#Read 1992-1996
The 1995 Durga Puja remains etched in my memory with the glow of pandals, the drumbeat of the dhak, and the scent of shiuli flowers drifting through the evenings of Kolkata.
I was in Class IX, caught between adolescent uncertainties and the heady joys of festival season, when I received The Shooting Star, Tintin’s tenth adventure, as a gift. It became my secret companion during those five days of ritual and revelry—an odd pairing, perhaps, of the sacred rhythms of Puja with Hergé’s thrilling tale of apocalypse, greed, and scientific ambition.
The Puja that year began on September 29, a Friday, with Bilva Nimantran, and concluded on October 3, a Tuesday, with the immersion of the goddess. Each day was structured by tradition: waking to the crackle of loudspeakers announcing the rituals, dressing in crisp new clothes, visiting relatives, feasting on luchi, alur dom, and mishti, and in between, slipping away with my book.
The Shooting Star came to embody that interlude between devotion and escape.
The story itself begins with a sense of cosmic foreboding: a giant star, a possible meteor, threatening to collide with Earth. For a young reader steeped in the drama of the goddess’s annual battle with Mahishasura, the parallels were impossible to miss.
Just as Durga embodies cosmic order facing chaos, Tintin races against time, confronting forces of destruction, human greed, and natural catastrophe. My teenage imagination saw Durga in the background of every frame, holding her trident as Tintin clutched Snowy and leapt toward the unknown.
Reading it during those evenings was magical. I remember sitting on the veranda, still in my kurta from the pandal-hopping expedition, and losing myself in the panels where the sea swells under Tintin’s boat, or the mushroom-shaped island looms out of nowhere. Outside, the air throbbed with the rhythm of dhaak and the smell of burning incense.
Inside the panels, Tintin navigated rival expeditions, corporate villainy, and eerie landscapes. Together they made a strange harmony: the Puja celebrating cyclical renewal, and Tintin’s tale warning of imminent destruction.

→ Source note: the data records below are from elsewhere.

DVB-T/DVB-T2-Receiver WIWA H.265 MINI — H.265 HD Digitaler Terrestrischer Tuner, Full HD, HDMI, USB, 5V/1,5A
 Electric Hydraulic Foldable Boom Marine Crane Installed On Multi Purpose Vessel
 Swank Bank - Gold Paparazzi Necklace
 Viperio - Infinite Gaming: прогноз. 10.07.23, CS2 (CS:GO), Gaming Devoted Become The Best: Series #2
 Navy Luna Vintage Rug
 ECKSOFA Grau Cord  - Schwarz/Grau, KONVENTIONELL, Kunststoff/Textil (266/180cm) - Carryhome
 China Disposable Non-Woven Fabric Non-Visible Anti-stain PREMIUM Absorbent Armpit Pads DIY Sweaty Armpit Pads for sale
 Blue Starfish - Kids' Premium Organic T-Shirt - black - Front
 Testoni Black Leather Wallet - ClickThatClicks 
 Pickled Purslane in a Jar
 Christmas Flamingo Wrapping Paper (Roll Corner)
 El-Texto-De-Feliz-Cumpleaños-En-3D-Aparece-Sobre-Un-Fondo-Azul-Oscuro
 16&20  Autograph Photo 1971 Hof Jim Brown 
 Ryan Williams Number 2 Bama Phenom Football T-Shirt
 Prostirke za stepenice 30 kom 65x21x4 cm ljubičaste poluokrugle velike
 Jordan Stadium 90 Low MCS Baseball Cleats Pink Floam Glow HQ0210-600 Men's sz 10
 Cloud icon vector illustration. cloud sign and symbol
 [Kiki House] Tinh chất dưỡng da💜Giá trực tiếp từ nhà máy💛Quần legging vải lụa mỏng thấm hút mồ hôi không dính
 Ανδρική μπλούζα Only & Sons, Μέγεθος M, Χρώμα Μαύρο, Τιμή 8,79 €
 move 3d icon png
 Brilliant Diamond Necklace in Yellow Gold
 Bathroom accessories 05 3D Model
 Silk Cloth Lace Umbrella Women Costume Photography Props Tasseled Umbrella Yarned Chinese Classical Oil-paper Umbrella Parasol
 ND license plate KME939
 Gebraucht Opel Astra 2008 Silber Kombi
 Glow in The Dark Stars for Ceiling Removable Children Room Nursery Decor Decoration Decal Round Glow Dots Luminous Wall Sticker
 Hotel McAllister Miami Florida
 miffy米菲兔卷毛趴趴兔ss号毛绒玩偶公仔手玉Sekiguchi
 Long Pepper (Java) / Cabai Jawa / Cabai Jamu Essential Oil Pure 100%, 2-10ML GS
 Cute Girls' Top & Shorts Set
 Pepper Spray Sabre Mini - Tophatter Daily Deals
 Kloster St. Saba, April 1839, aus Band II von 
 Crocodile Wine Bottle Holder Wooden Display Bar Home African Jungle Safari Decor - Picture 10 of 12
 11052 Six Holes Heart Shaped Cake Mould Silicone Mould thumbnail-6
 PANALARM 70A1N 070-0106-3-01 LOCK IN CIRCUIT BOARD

It was also the book where I first felt the deeper philosophical undertones of Hergé. Up until then, Tintin had been an adventure hero for me—chasing criminals, saving lives, solving mysteries. But The Shooting Star suggested larger anxieties: scientific competition tainted by nationalism, the fragility of human life before cosmic events, and the unsettling greed of those who exploit catastrophe for profit. Reading it during Puja made me aware of how myths and modernity intersect.
The goddess slaying the demon and Tintin racing against catastrophe were both, in their own ways, stories of survival against overwhelming odds.
And then there was the personal context. I was in Class IX, a transitional stage—too young to shoulder responsibilities, too old to remain carefree. Durga Puja that year carried a subtle melancholy: I sensed that childhood was receding, that exams and expectations were pressing closer.
The Shooting Star, with its apocalyptic imagery, somehow mirrored that inner turbulence. It suggested that endings and beginnings are always intertwined, that destruction carries seeds of renewal.
On Dashami, as the goddess was carried to the river for immersion, I had just closed the final page of the book. The two departures—the goddess returning to her celestial abode and Tintin sailing back from his perilous journey—merged in my mind. Both left behind a sense of completion, a circle closed.
I remember standing in the crowd by the riverbank, the sound of conch shells echoing, and feeling that odd bittersweet ache: that Puja was over, the book was finished, and life would return to its usual rhythm. Yet the memory would linger.
Looking back, The Shooting Star was less about the specific plot and more about the atmosphere in which I read it. It became inseparable from Durga Puja 1995: a tapestry woven of incense smoke, festive lights, cosmic dread, and adolescent reflection.
Even today, when I revisit the book, I hear the dhaak in the background, see the goddess’s serene face in the glow of the pandal, and feel again the wonder of being a teenager caught between myth and modernity, ritual and adventure.